Puede que lo que voy a decir parezca una salvajada, pero el
hecho es que no me llaman nada esas demostraciones colectivas de consternación
que suelen organizarse tras una masacre en suelo europeo o norteamericano.
¿Ahora nos desayunamos con el misterio de iniquidad? ¿Nunca ha matado la
gente, por un montón de causas, unas más explicables, otras menos? No estoy
justificando nada, simplemente constatando que el ser humano, a veces, comete
maldades, y no puede uno comportarse como si eso fuera cosa de la famosa Edad
Media.
La gente mata y es terrible, pero en lugar de horrorizarse
como niñas bobas lo que procede es que quien tiene el monopolio de la violencia
en los Estados de derecho persiga a los criminales, los cuelgue de los
compañones en sentido real o figurado y tome rápidamente las medidas
encaminadas a evitar una repetición del acto. Por supuesto, no deben faltar las
honras fúnebres, públicas y privadas, a las víctimas.

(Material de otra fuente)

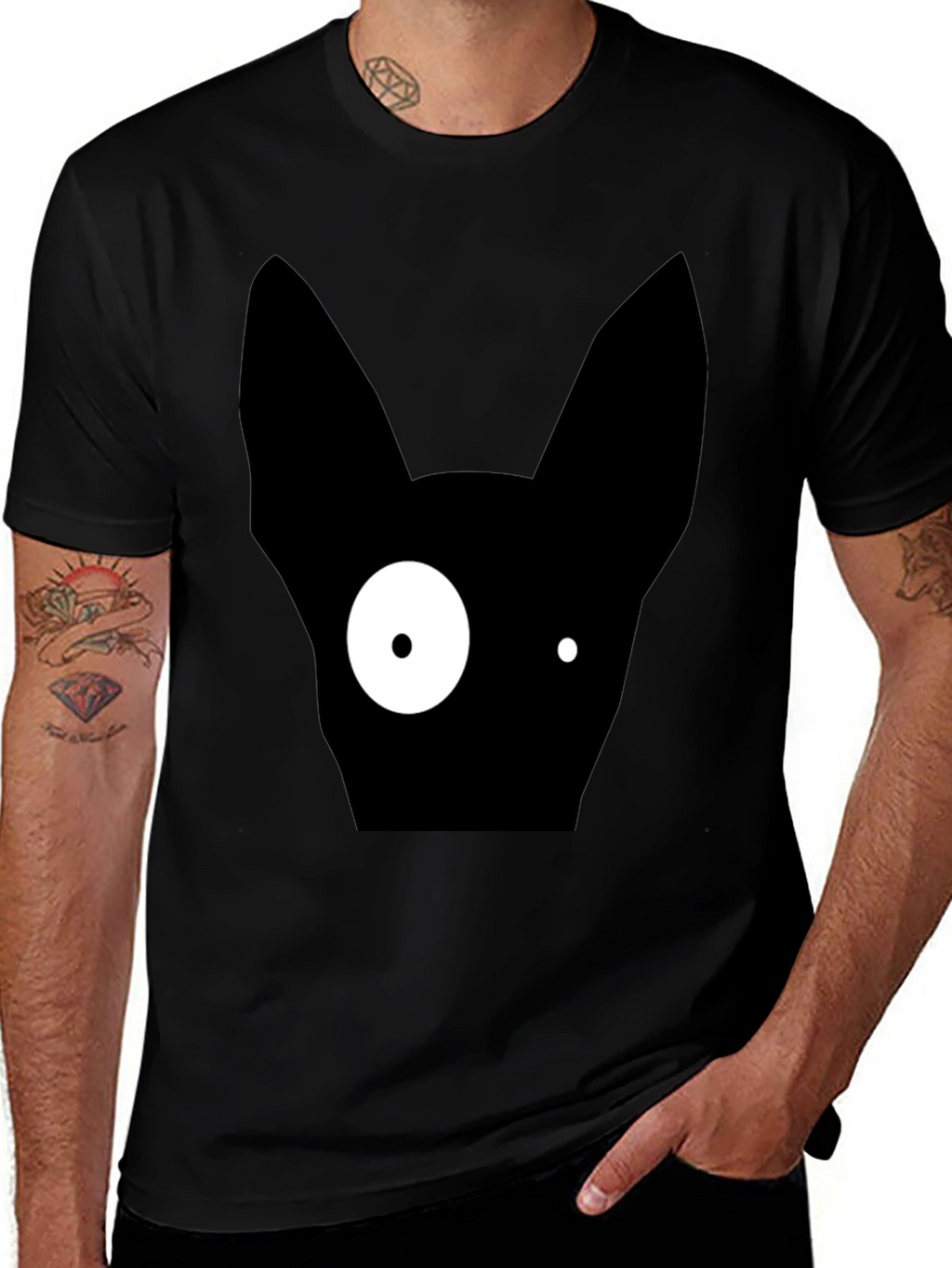 Abstract One-Eyed Cat Graphic T-Shirt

Pero tal vez sobren esas
solemnes representaciones de un horror por lo demás efímero, sobre todo cuando,
como suele suceder, se conciben como alternativa a la represión, que
se entiende como venganza, y las anima
un sospechoso espíritu de equidistancia y de compunción por la parte que
se supone que le tocaría a nuestra sociedad por haber hecho actuar de modo tan
espantoso a esos muchachos a quienes han idealizado los libros escolares y
la grotesca clerecía instalada en los centros de enseñanza.